TOKYO - Japan's Nissan Motor expects to beat analyst estimates with a 5.5% rise in operating profit this fiscal year on higher global sales, it said on Thursday, while warning that intense competition and challenges from inflation would continue.

The Yokohama-based automaker expects only a small rise in vehicle sales in China, highlighting the difficulties it faces in the world's top auto market, while counting on strong growth in North America to lift its performance.

Nissan sees operating profit coming in at 600 billion yen ($3.85 billion) in the year that started on April 1, compared with the 577.3 billion yen average estimate from 18 analysts surveyed by LSEG.

It also expects foreign exchange moves to boost its annual results, helping to offset inflationary pressures.

Operating profit for the three months ended March 31 came to 90.3 billion yen, far short of the average estimate of 118.2 billion yen from eight analysts surveyed by LSEG.

Nissan forecast global retail sales this financial year at 3.7 million vehicles, up 7.5% from the 3.4 million sold last fiscal year.

The forecast includes an expected 13.3% rise in North American sales to 1.4 million vehicles.

In China, Nissan sees an increase of just 0.8%, after sales slumped 24% last financial year to just below 800,000.

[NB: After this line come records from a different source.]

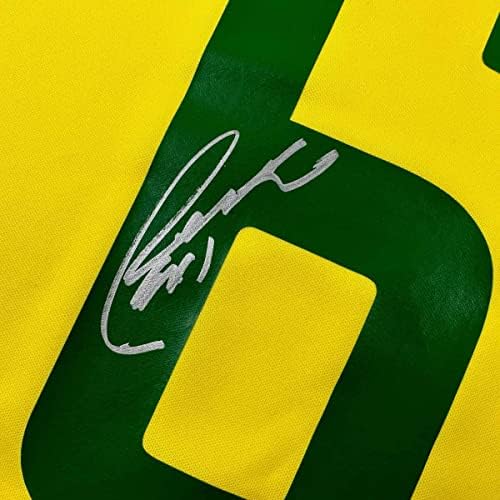 Autografado/assinado Roberto Carlos Brasil Amarelo Jersey Beckett Bas Coa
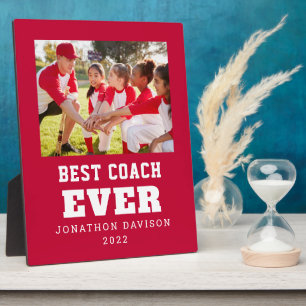 Best Coach Ever Name Year Team Photo Red White Plaque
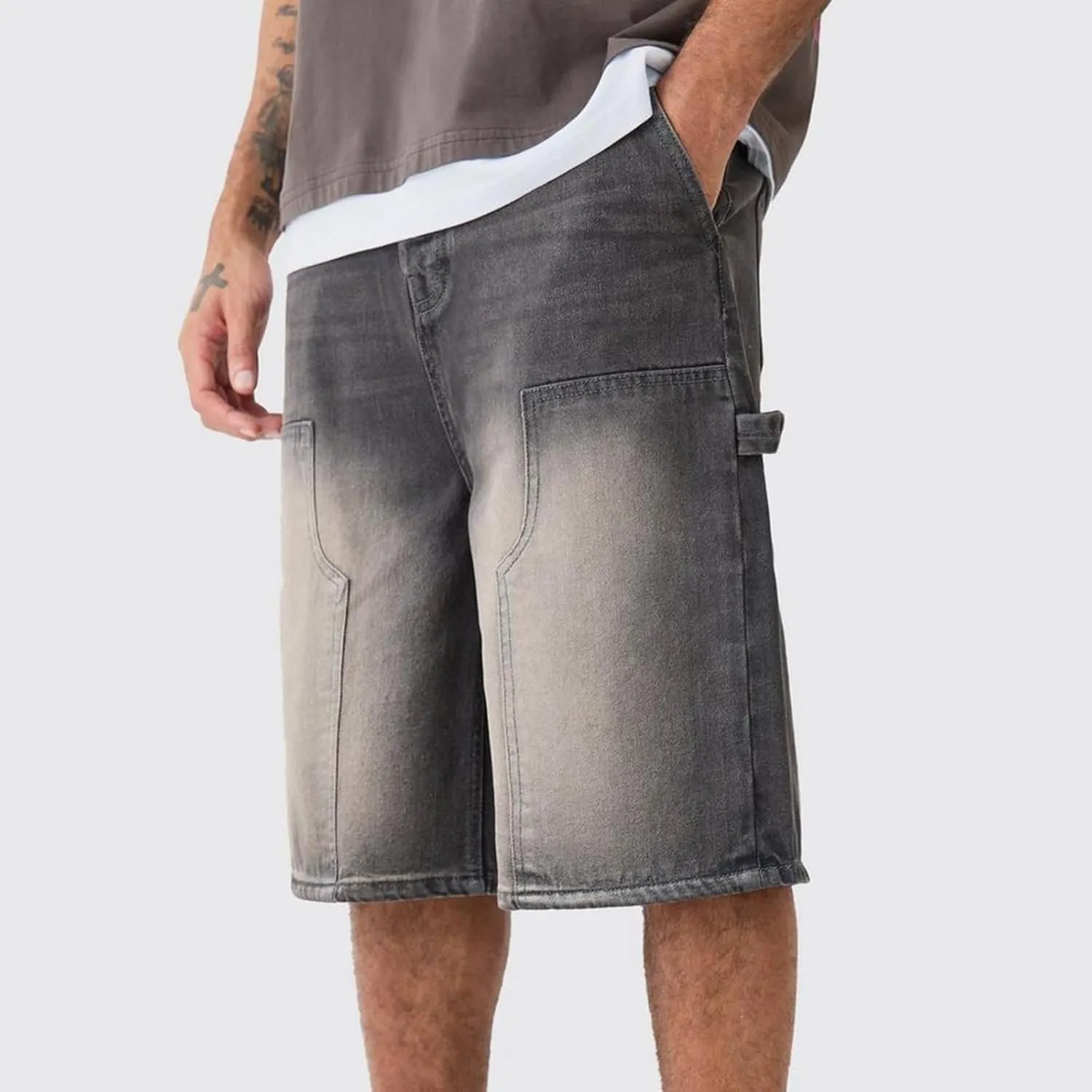 Mens Loose Denim Shorts Baggy Casual Wide Leg Mid Jean Jorts Zipper Hip Hop Shorts with Pockets Streetwear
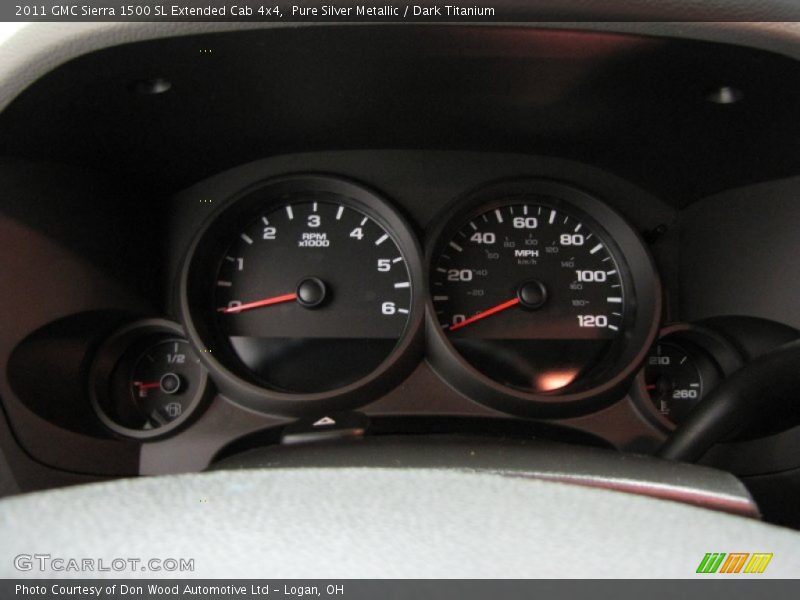 Pure Silver Metallic / Dark Titanium 2011 GMC Sierra 1500 SL Extended Cab 4x4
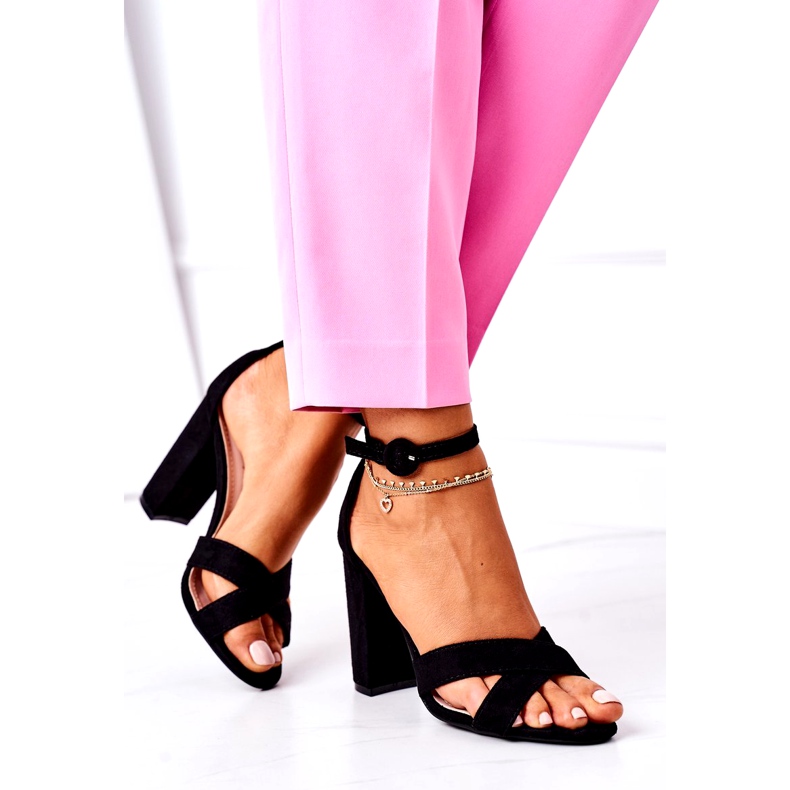 SEA Sandalias De Mujer En Tacón Ante Negro Telmen 3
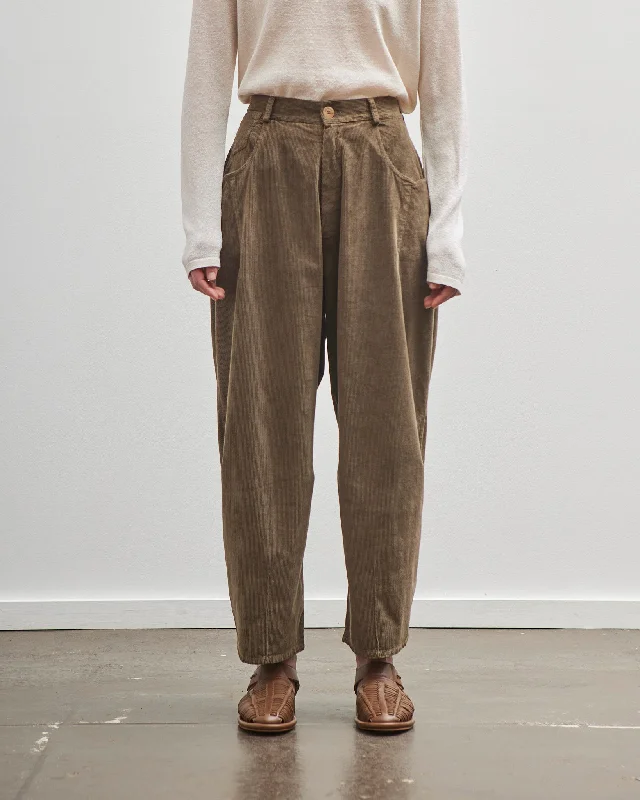 Cordera Cord Baggy Pants, Moss Wide-Legged Palazzos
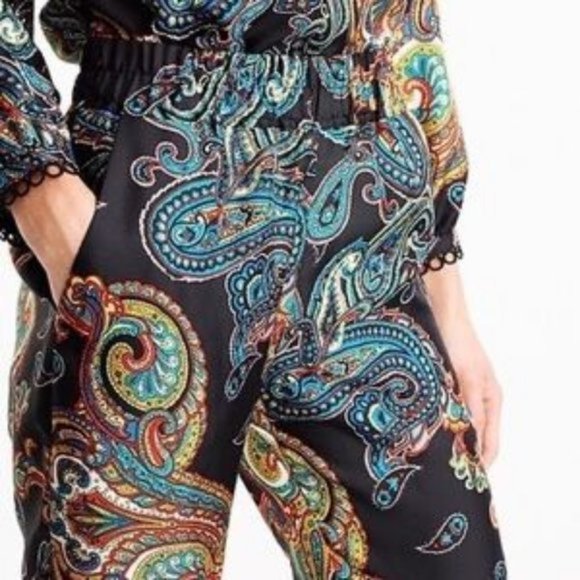 J CREW Silk Twill Bold Paisley Pull On Cropped Pants - Size 0 - Picture 3 of 10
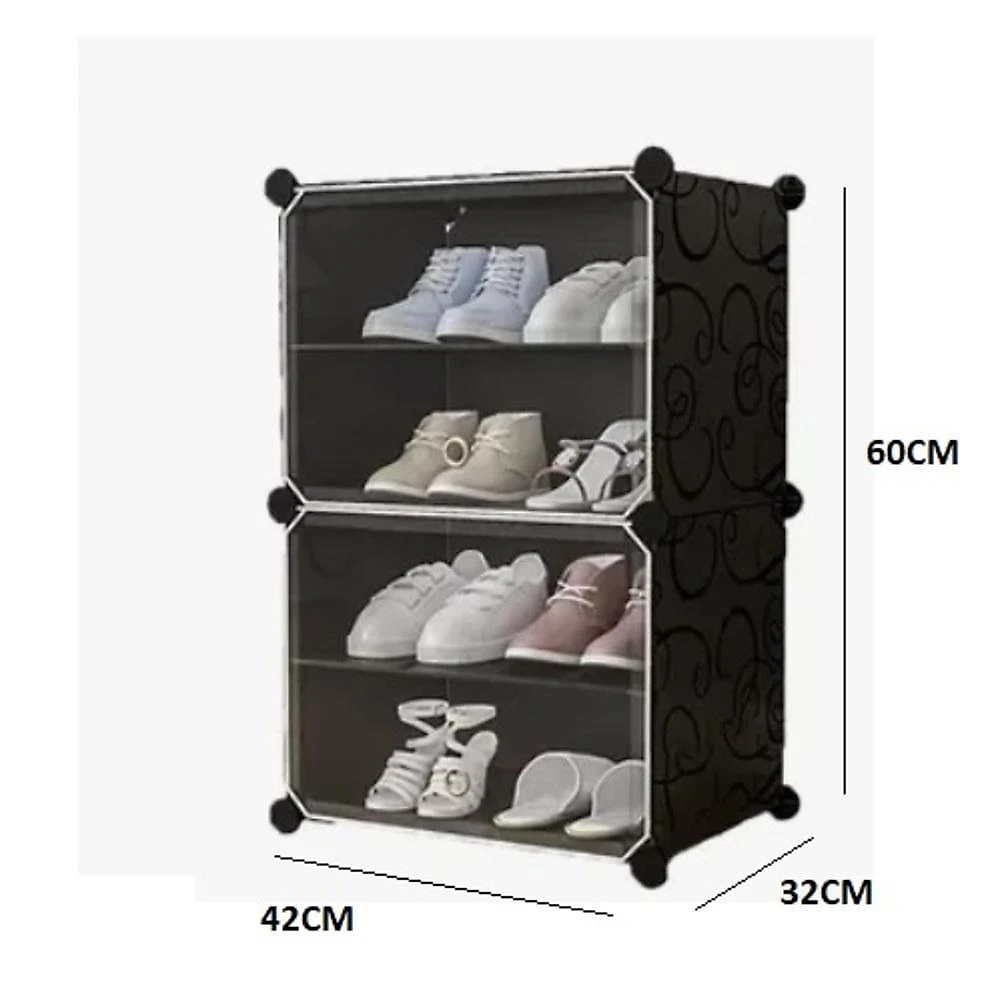 Armário Sapateira Organizador Vintage Multifuncional 4 Prateleiras Preto Yeet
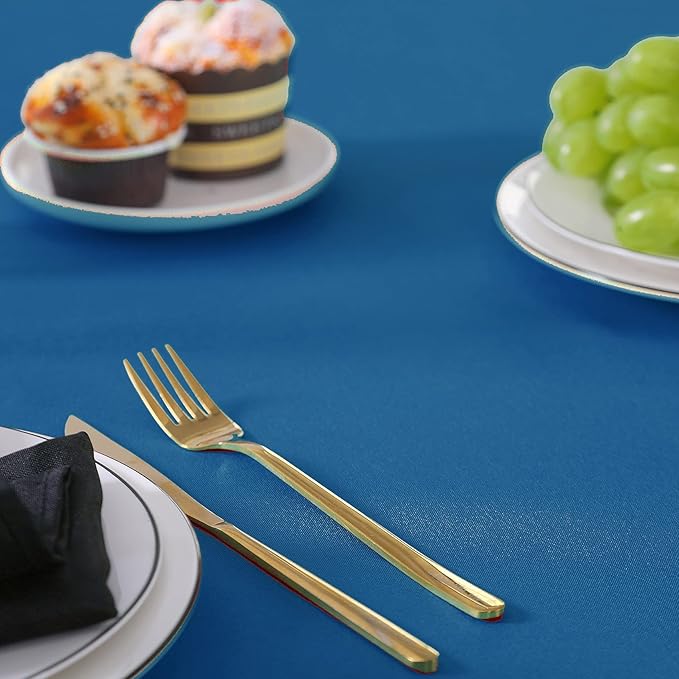 Rectangle Tablecloth 90x156 inch Washable Polyester Fabric Table Cloth for Wedding Party Dining Banquet Decoration（90x156, Mediterranean Blue）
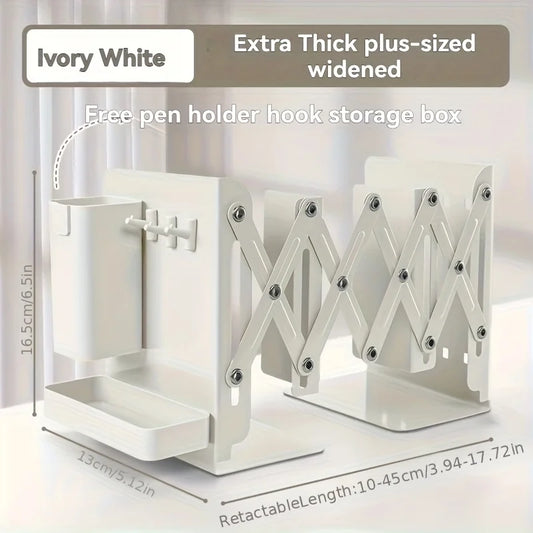 Book Storage Shelf, Telescopic and Foldable Desk Bookshelf for Students in Classrooms, with Thickened Partitions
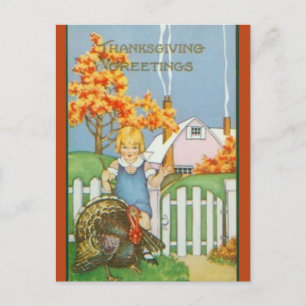 Retro-Mädchen Truthahn und rosa Haus Thanksgiving Postkarte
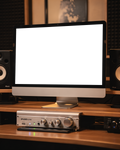 No P Recording Studio Desktop Mockup | Device Mockup PNG | bulkmockup | Commercial Licence Included | MockupBulk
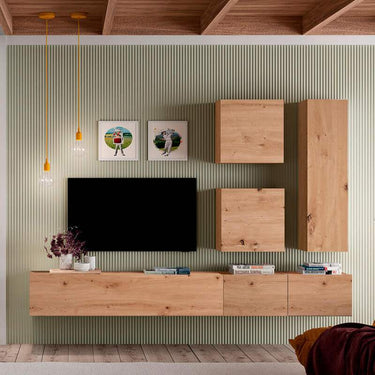 Composición de salón comedor Florencia ambiente 2 con mueble TV flotante y diseño elegante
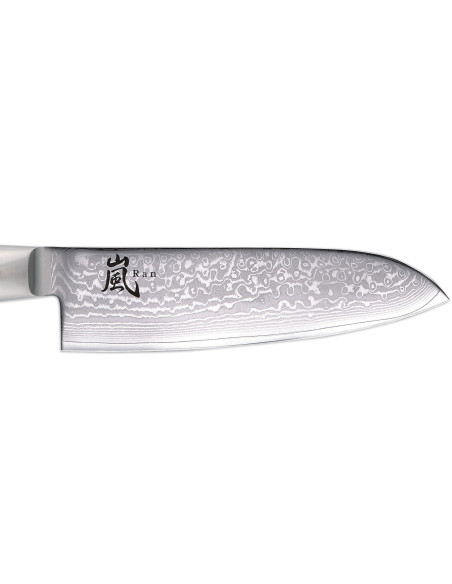 Cuchillo santoku japonés Yaxell RAN, hoja de Damasco de 16,5 cm, 69 capas
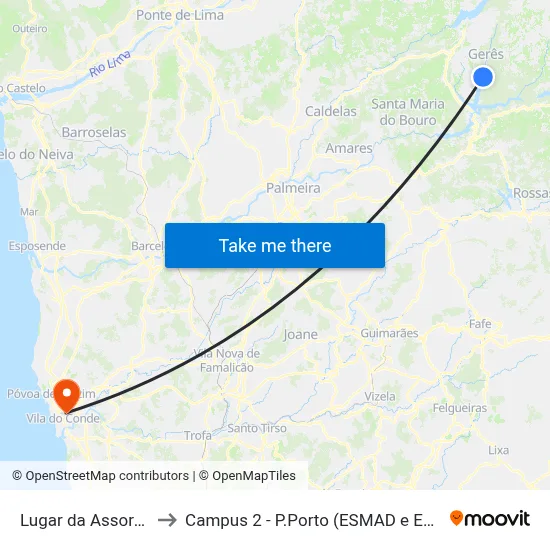 Lugar da Assoreira to Campus 2 - P.Porto (ESMAD e ESEIG) map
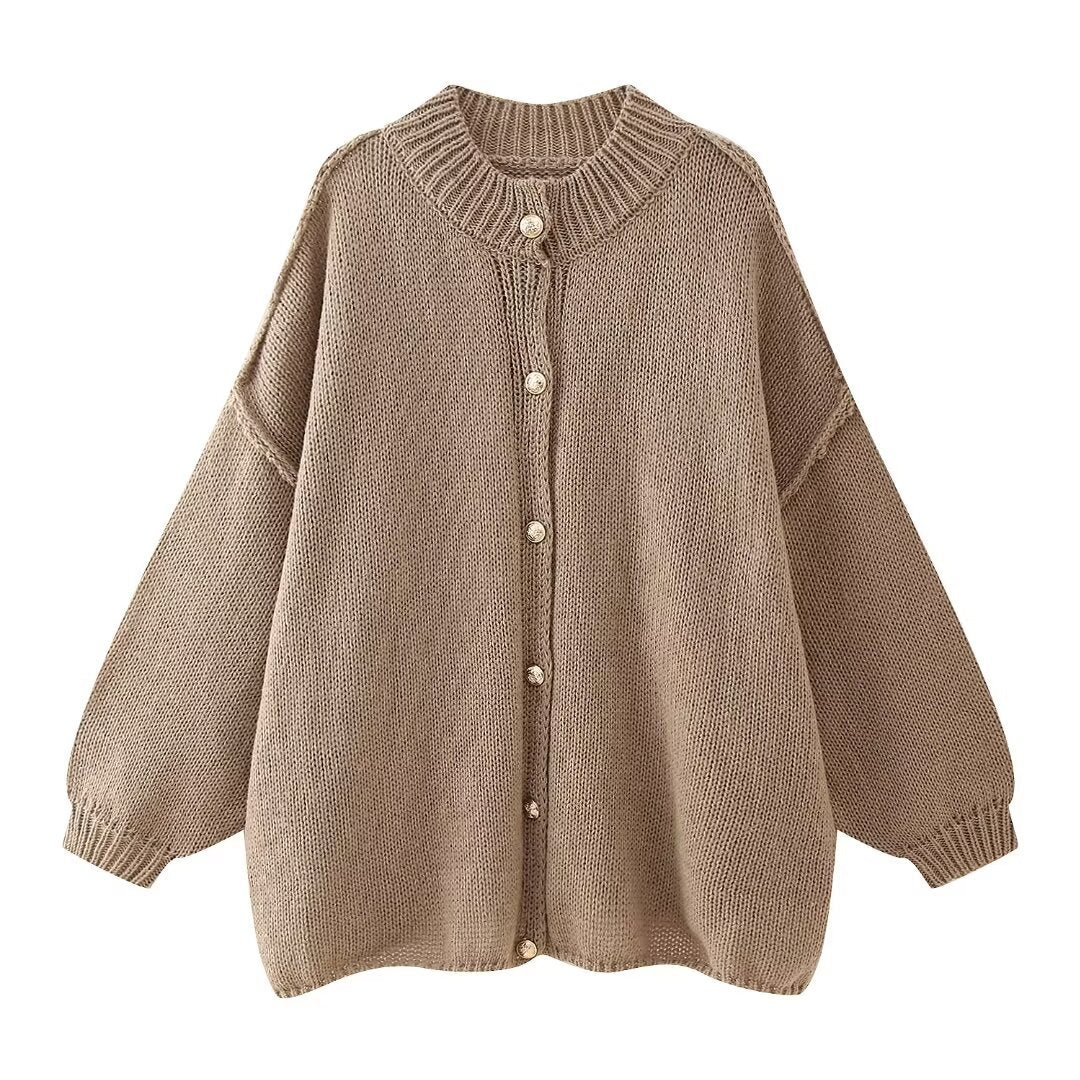 Oversized Chunky Knit Balloon Sleeve Cardigan - Coffee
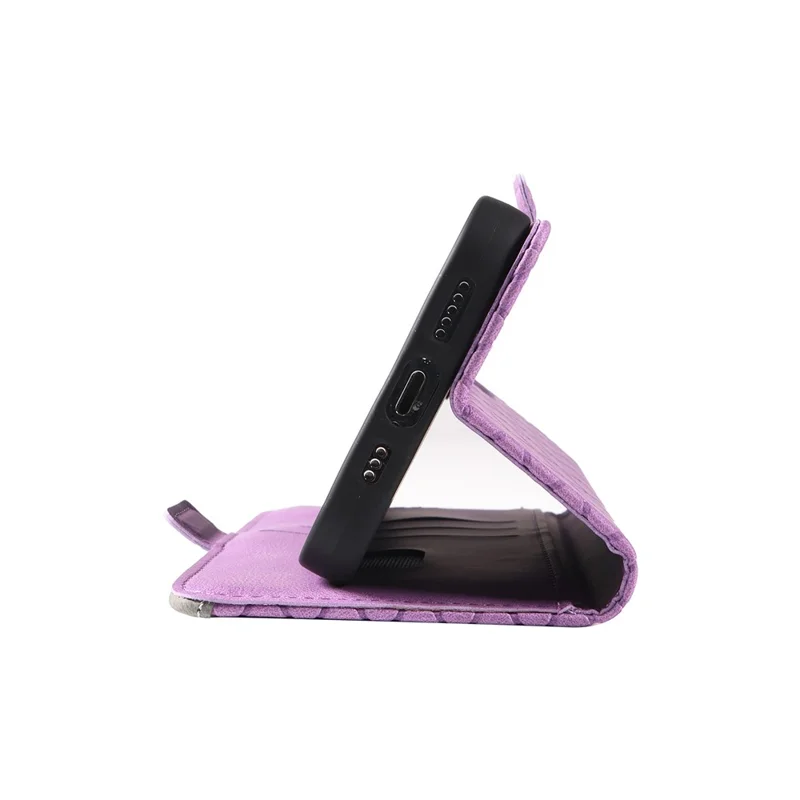 Für Oppo Reno11 5G Telefonhülle Rhombus Eingeprägter Flip Ständer Cover - Helles Lila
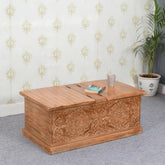 Jaipuri Carved Mango Wood Coffee Table & Blanket Box | 2-in-1 Storage – Oakvello
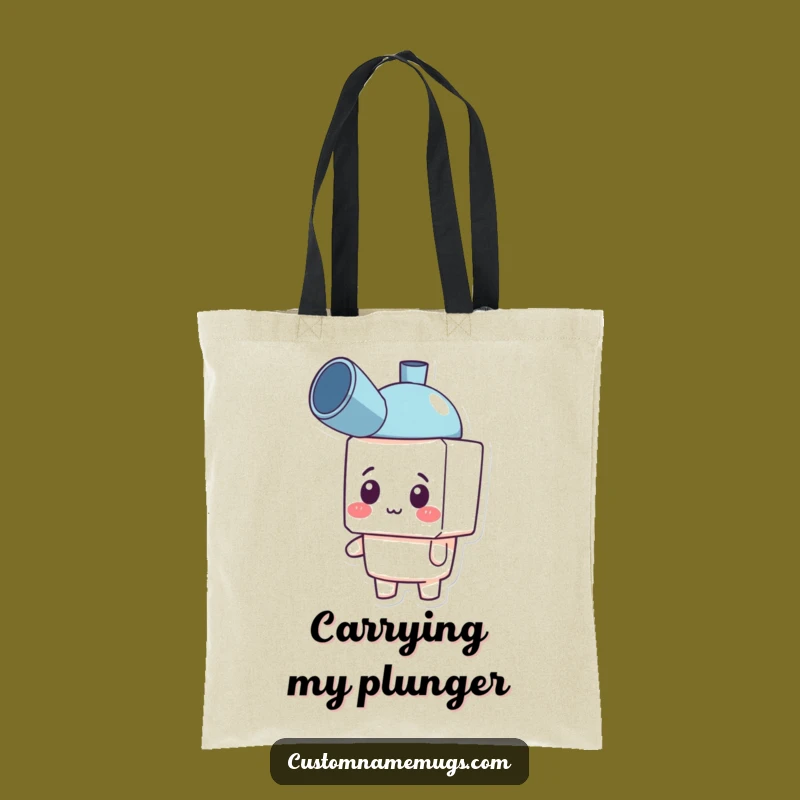 Funny Plunger Hat Tote Bag: Carry Your Day with This Blocky Character's Quirky Accessory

Japanese car brands such as Nissan and Honda Motor have lost market share in China to fast-moving local rivals that have attracted drivers with an array of cheap, software-loaded electric vehicles.

At last month's Beijing auto show, Nissan showed off four concept models for the Chinese market and unveiled a memorandum of understanding with Baidu to conduct research on artificial intelligence and so-called "smart cars".

Nissan also said it would invest in Kasai, a manufacturer of car interior products such as trim parts by acquiring 6 billion yen of newly issued shares, pending regulatory approvals.

In April, Nissan slashed its annual operating profit estimate for the year that just ended by 14.5% on lower-than-expected vehicle sales.